Вчера за обедом Усов предложил идти в театр Бабино, и мы отправились вчетвером: я, он, хозяин и Никалопуло. Страшная грязь этот театр! Говорятся сальности, и дамы выделывают такие жесты, что смотреть совестно. Это смесь сала и глупости и наглости солдатской. Публика, состоящая из работниц, большей частью хохотала от чистого сердца. Не грязь тут особенно заразительна, а ее смелость и успех, если б я видела подобную картину в [?] это понятно, но в публике, в театре! В нашу ложу, в которой я с Усовым занимаем первые места, забралось множество студентов, которые вели себя очень фамильярно: стучали без милосердия, кричали, делали вслух разные замечания актерам. Усов стал уверять меня, что их выведут, но все ограничилось замечанием прислуги театральной. В антракте У[сов] предложил мне идти в кафе. После еще картины! Страшная распущенность и фамильярность запечатлены на всем и на всех. Около нас сидели двое молодых людей с чахоточными фигурами и дулись в картишки; около одного из них сидела дама и рассеянно что-то пила из чашки. По временам она обращалась к своему соседу, играющему в карты, и клала руку ему на плечо; он, как спросонья, к ней обертывался и трепал ее по щеке. С другой стороны другая дама, но в шляпке, сидела между мужчинами и читала «Petit journal». Сидевший против нее господин, с которым она была фамильярнее, к ней обращался и целовал ее руку. Эти дамы некрасивы и вялы. Хозяйка к нам подбежала с необыкновенной развязностью и, положив свою руку на мою и наклонясь к нам обоим, сказала, что сейчас нам будет спрошенное нами пиво. А в театре я заметила, как делают знакомства молодой человек с дамой, сидевшей рядом. Он в антракте, разговаривая с ней, смотрел ей в лицо и поправлял ее шаль.

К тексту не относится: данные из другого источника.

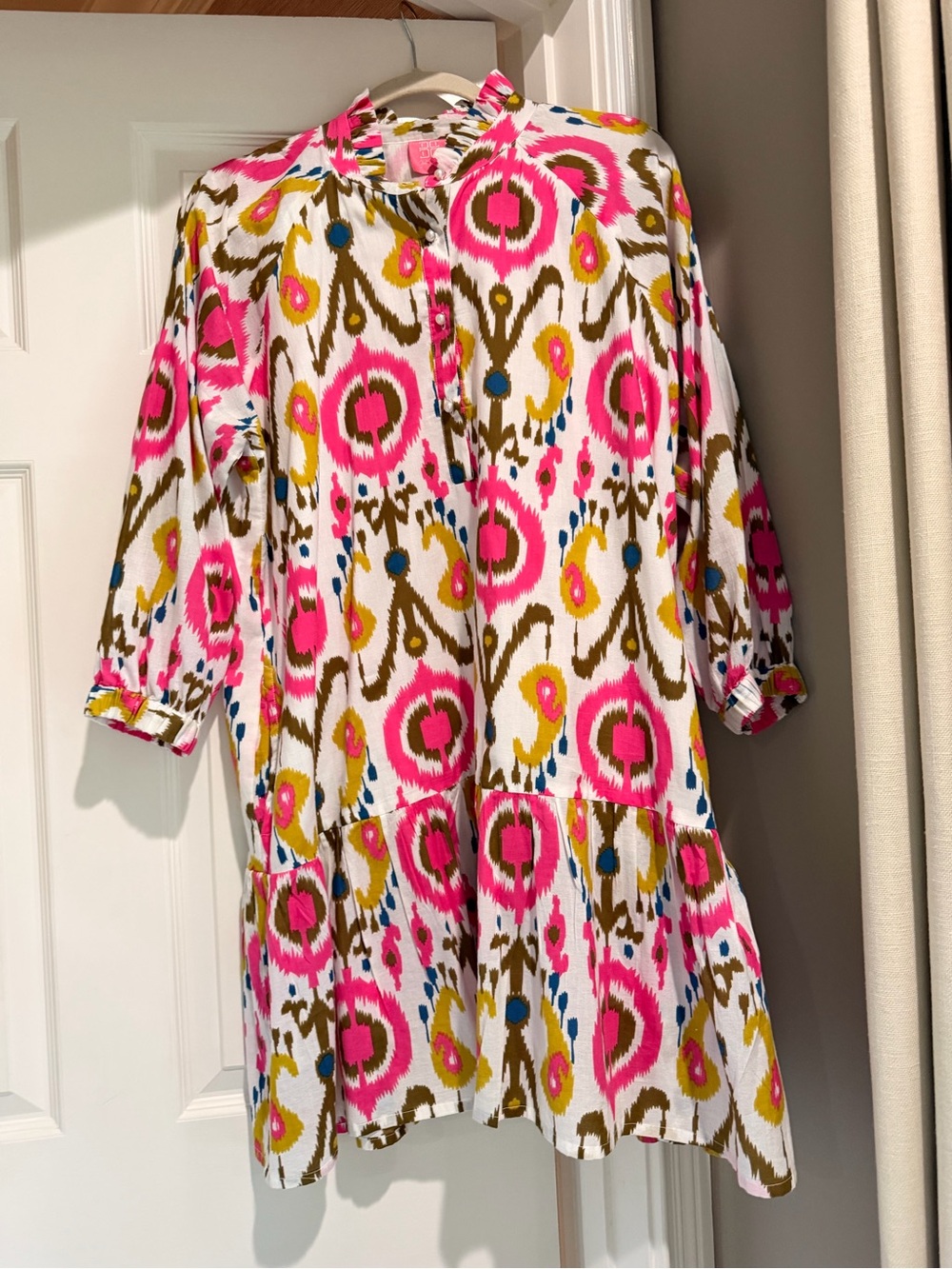 Just Darviny Pink Multicolor ikat Patterned Dress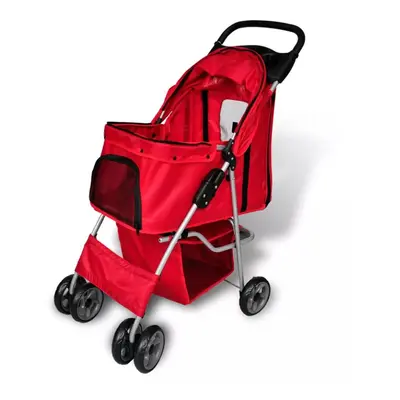 vidaXL Folding Pet Stroller Dog/Cat Travel Carrier Red Transport Trolley Pram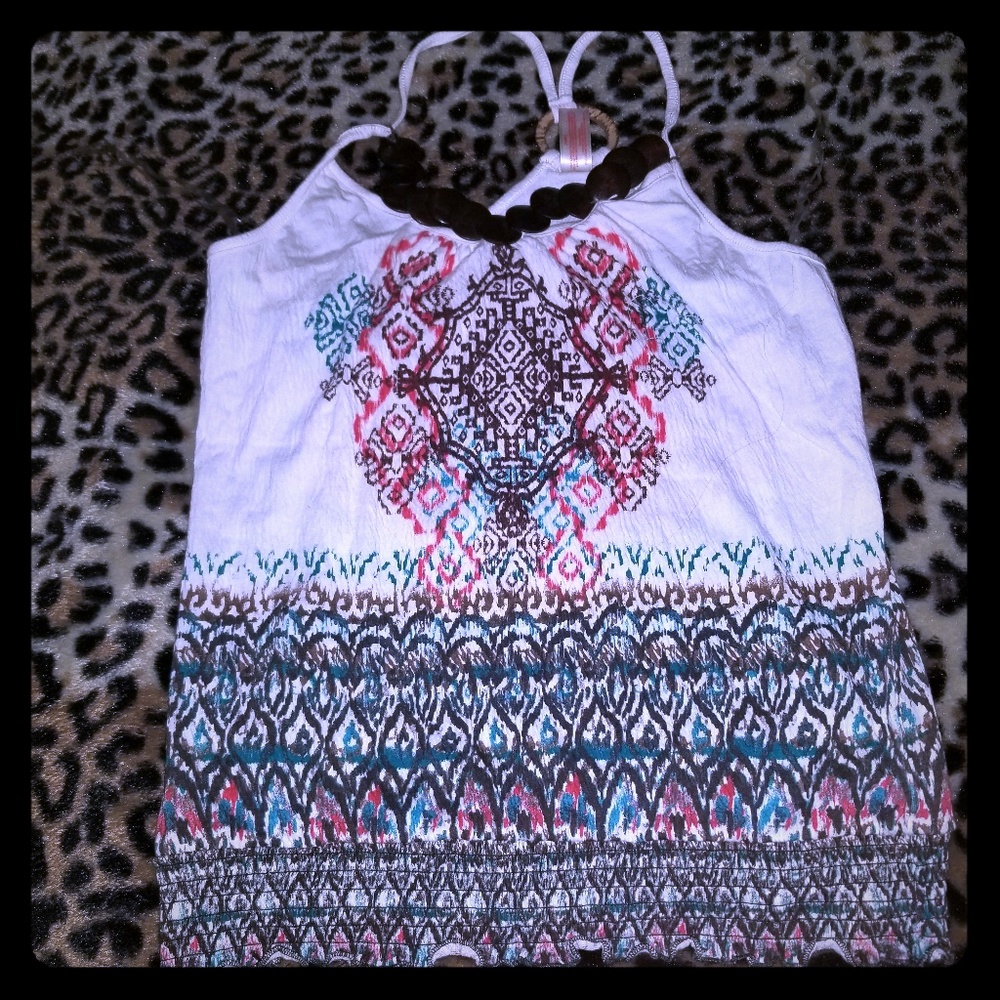 White Designed Tank Top XL NWOT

Люкрас усердно ухаживает за m-me Верней, но как глупо и нахально это ухаживание. Он становится в стороне от взглядов других в картинную позу и не сводит с нее сладких глаз, садится в конце обеда в соседней темной комнате против дверей и оттуда наводит на нее глаза.

Сегодня лейб-медик давал мне урок. У меня были расстроены нервы, и я несколько раз во время чтения принималась плакать. Он, кажется, был тронут, но, вероятно, не мог определить причины этого волнения. Сначала я сидела на диване, а он у камина, но, когда у соседей стали играть на фортепиано, он подвинулся ко мне довольно близко, облокотился на диван, так что, когда кто-то постучался, он отодвинулся (была племянница хозяйки), но я на него не смотрела и потому не видела ни позы, ни выражения лица. Когда кончили, он спросил, когда прийти. Я назначила вторник, он обещал зайти в понедельник, узнать о здоровье.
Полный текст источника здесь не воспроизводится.